At the beginning, an ant m is associated to a partition PI, and during the iterations, the ant will select the most dissimilar transaction di of partition PI, and another partition PJ is selected at random using a roulette-wheel with probability pIJ, where pIJ depends on the pheromone trail and a local heuristic. Ant will assign di to the partition PJ. The value of the pheromone trail is modified according to the rule.

$$\tau _{{xy}} = (1 - \rho )\tau _{{xy}} + \Delta \tau _{{xy}}^{k}$$
(1)

where τxy is the amount of pheromone deposited for a state transition from partition x to partition y, ρ is the pheromone evaporation coefficient where \(\rho \in \left[ {0,~1} \right]\) and \(\Delta \tau _{{xy}}^{k}\) is the amount of pheromone deposited by kth ant.

$$\Delta \tau _{{xy}}^{k} = \left\{ {\begin{array}{*{20}l} 1 \hfill & {{\text{if}}\;{\text{ant}}\;k\;{\text{transfer}}\;{\text{a}}\;{\text{transaction}}\;{\text{from}}\;x\;{\text{to}}\;y} \hfill \\ 0 \hfill & {{\text{otherwise}}} \hfill \\ \end{array} } \right.$$
(2)

The local heuristic or short-term visibility is defined as.

$$\eta _{{IJ}} = \frac{{A \cap B}}{{A \cup B}}$$
(3)

where A and B are the transactions. If the transaction A is more similar to the transaction B of particular partition, then it gives a big value in order to influence in the probability of assigning it to the partition. If ant m is at partition I, partition J is chosen with probability

$$p_{{XY}}^{k} = \frac{{\left( {\tau _{{XY}}^{\alpha } } \right)\left( {\eta _{{XY}}^{\beta } } \right)}}{{\mathop \sum \nolimits_{{z \in {\text{allowed}}_{X} }} \left( {\tau _{{XZ}}^{\alpha } } \right)\left( {\eta _{{XZ}}^{\beta } } \right)}}$$
(4)

To find whether the obtained solution is better than previous or not, the Jaccard similarity is calculated.

$$B\left( P \right) = \mathop \sum \limits_{{I = 1}}^{n} JS\left( {P_{I} } \right)$$
(5)

Then, dissimilar transaction d of partition I is assigned to the partition J.

figure a

4 Implementation and Results

The proposed approach is implemented in Python and tested on INFORMS dataset.Footnote 1 In ACO, there are five parameters that needs to be fixed. In the literature [22], following conditions have been specified on selecting these values:

  • β has to be larger than α; so that destination cluster should be chosen based on local heuristic, i.e., similarity with the destination cluster instead of deposited pheromone.

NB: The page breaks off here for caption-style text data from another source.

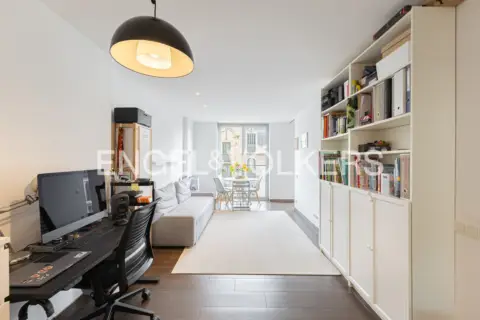 Piso en El Fort Pienc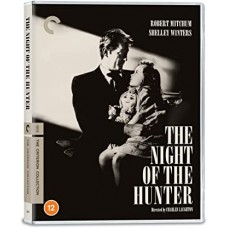 FILME-NIGHT OF THE HUNTER (BLU-RAY)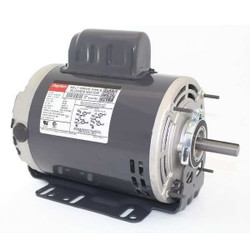 Dayton Motor,3/4 HP,1725 rpm,56,115/208-230V 4VAG7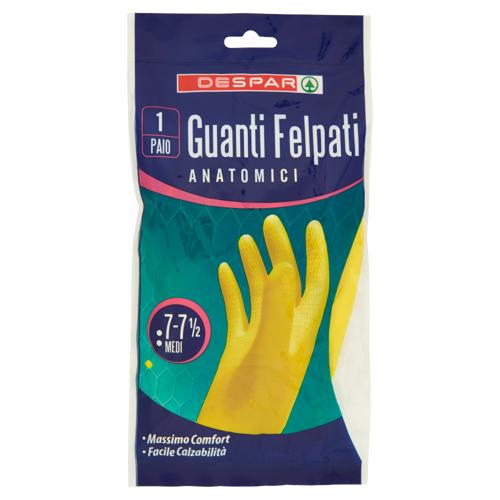 GUANTI FELPATI DESPAR MEDI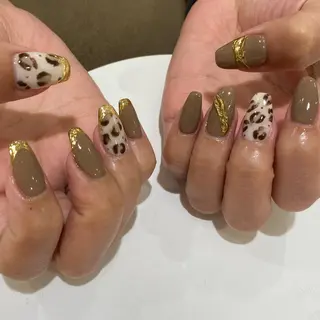 ネイル 🥀たなか れね🍋のマツエク・マツパデザイン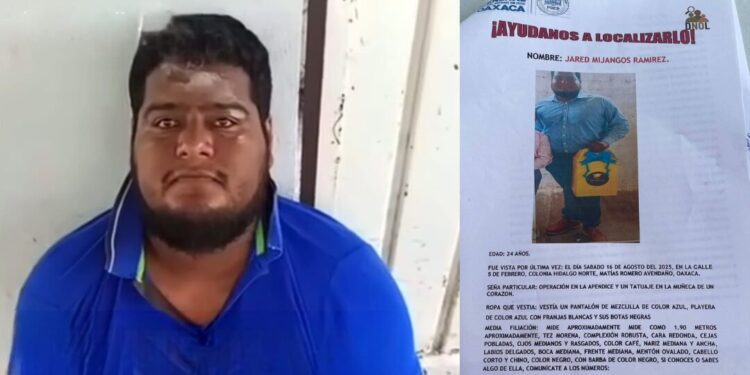 Terror grabado: joven desaparecido reaparece en video del CJNG y “confiesa” bajo amenaza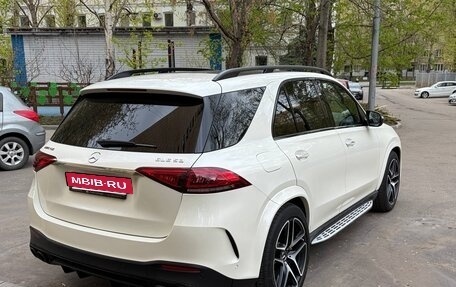Mercedes-Benz GLE AMG, 2020 год, 7 499 000 рублей, 3 фотография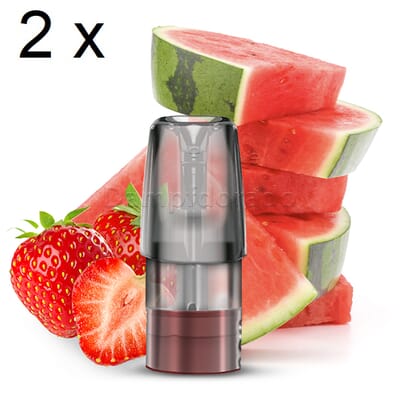 2 Elf Bar Mate 500 Pods watermelon strawberry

  • α, β <= 1 is better than α, β > 1;

  • ρ = 0.8 is better than ρ = 0.7 and ρ = 0.9 decided by set of experiments.

Considering the above conditions, the following values are considered:

  • M = number of clusters

  • tmax = 100

  • α = 0.8

  • β = 1

  • ρ = 0.8

  • τ0 = 0.001

The results are analyzed in terms of information loss while achieving privacy-preserving data publishing. To evaluate information loss, we have used relative error measure [21] which measure the loss in the association of items occurred while anonymization shown in Fig. 1. The relative error is calculated for different values of k (= 4, 5, 6, 7) and for the anonymized data using proposed algorithm and Disassociation algorithm, respectively. The result shows that if data is anonymized using the proposed algorithm, it gives lower values of relative error for each k than Disassociation algorithm. The lower value of relative error shows that more items are still associated in the anonymized data and, thus, preserves data utility.

Fig. 1
figure 1

Relative error

5 Conclusion

The paper has clearly shown that if we can create the equivalence classes/clusters which have similar records result in less information loss due to anonymization process. Thus, data utility maintained. The proposed algorithm uses ant colony optimization to further refine the equivalence classes/clusters; it shows the significant improvements in equivalence class and, thus, reduces the information loss cause by anonymization. The proposed approach has been tested on INFORMS dataset, and it gives lower relative error than Disassociation algorithm. In future, the applicability of other nature-inspired algorithm can be tested and compared.